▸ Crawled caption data

__________________________________________________

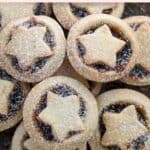 Star shaped mince pies dusted with icing sugar.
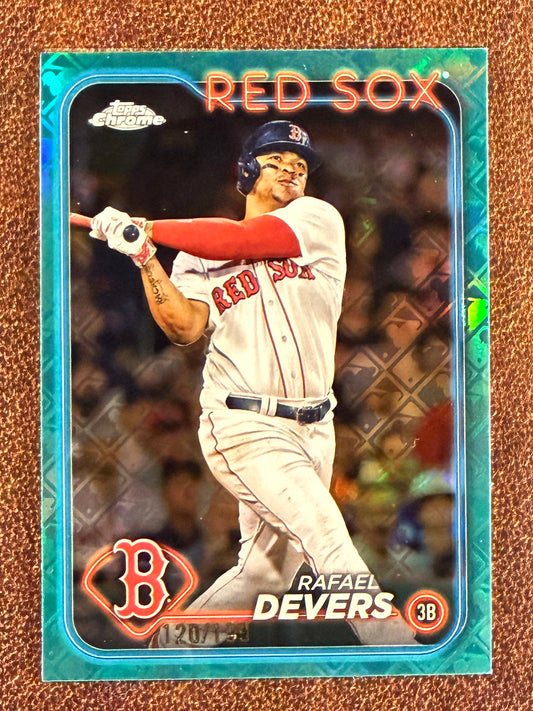 Rafael Devers - 2024 Topps Chrome - AQUA Logofoil /199 - Red Sox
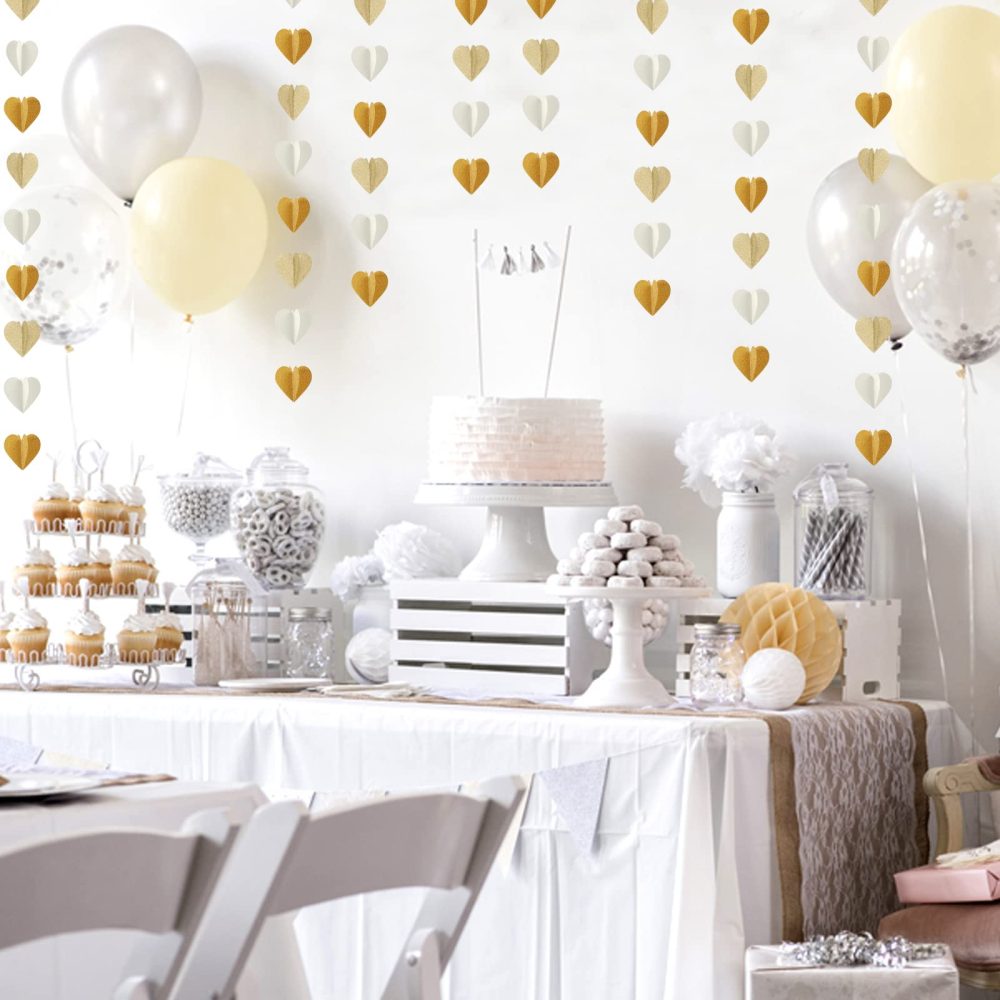White-Gold Champagne Gold 3D-Heart Garland - 39Ft Christmas Wedding Engagement Hanging Decoration Streamers Banner,Bachelorette Neutral Baby Bridal Shower Valentines Party Decor Lasting Surprise - Image 6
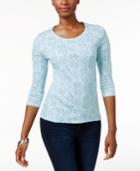 Charter Club Petite Medallion-print Top, Only At Macy's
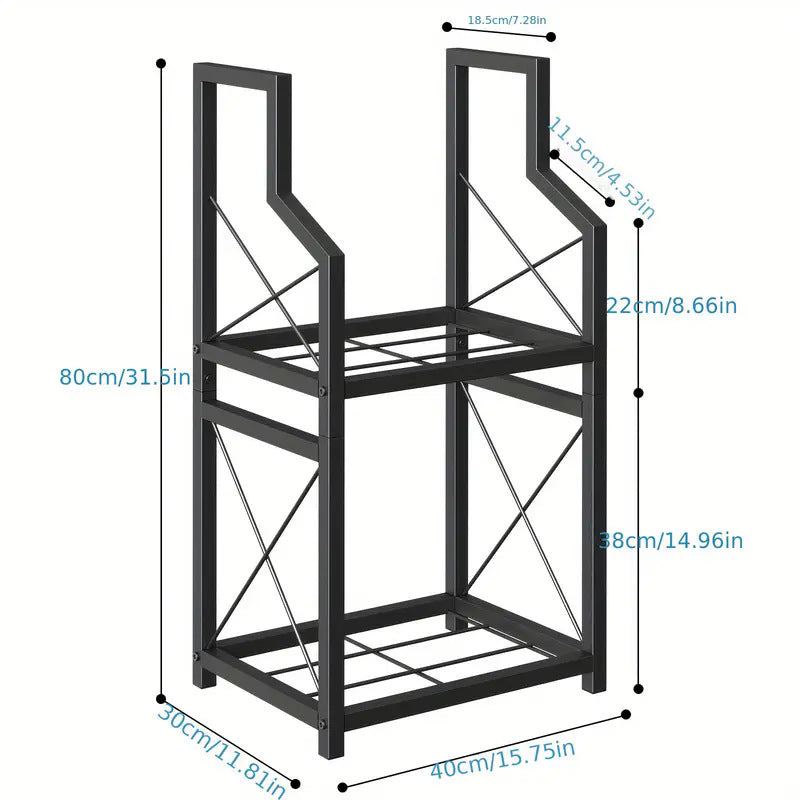 Two tier black metal firewood rack holding split logs beside a fireplace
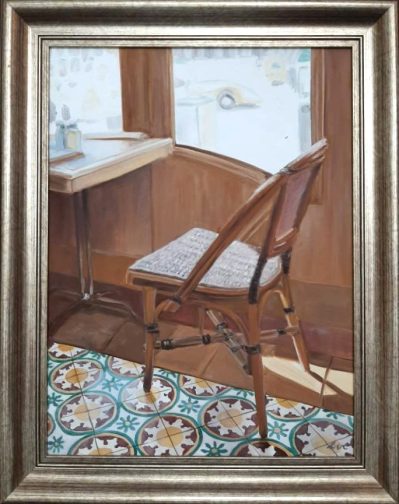 Eve Plumb “Tile Floor” Oil on Canvas, Framed Size 22″x18″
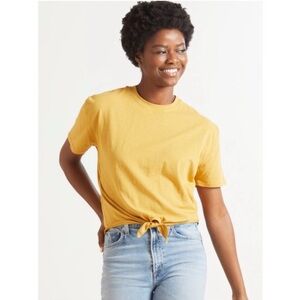 Sundry Tie Front Tee Shirt Yellow size 1 Small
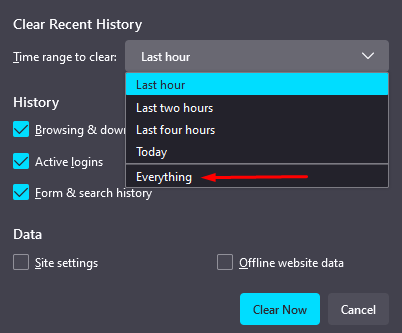 Choose Everything from the Time Range dropdown menu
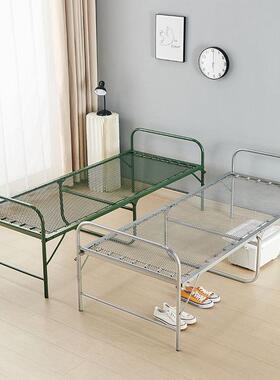 钢丝床午休床折床叠单床人陪护简易床弹簧两折床床钢OUX丝床木条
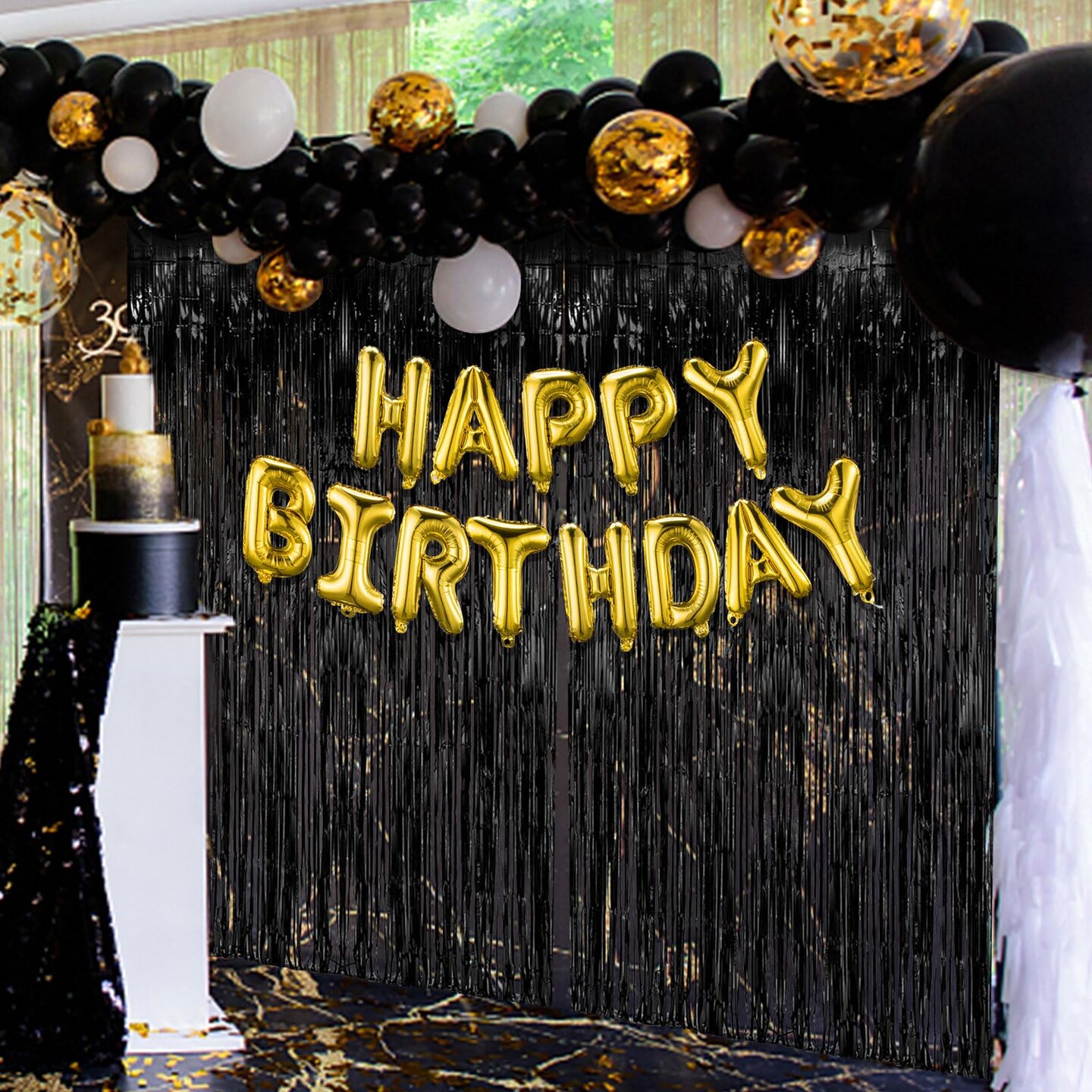2 Pieces Black Party Streamers Backdrop Tinsel Foil Fringe Curtains Halloween Party Decorations Birthday Wednesday Twilight Party Decorations Graduation Wizard Party Supplies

__________________________________________________

Repeat exactly, and only, the entries from the line with "Charter Club Petite" through the line with "钢丝床午休床折床叠单床人陪护简易床弹簧两折床床钢OUX丝床木条". Pictures are skipped.

▸ Solution for this task
 Charter Club Petite Medallion-print Top, Only At Macy's
 Two tier black metal firewood rack holding split logs beside a fireplace
 Eve Plumb “Tile Floor” Oil on Canvas, Framed Size 22″x18″
 Sundry Tie Front Tee Shirt Yellow size 1 Small
 Choose Everything from the Time Range dropdown menu
 钢丝床午休床折床叠单床人陪护简易床弹簧两折床床钢OUX丝床木条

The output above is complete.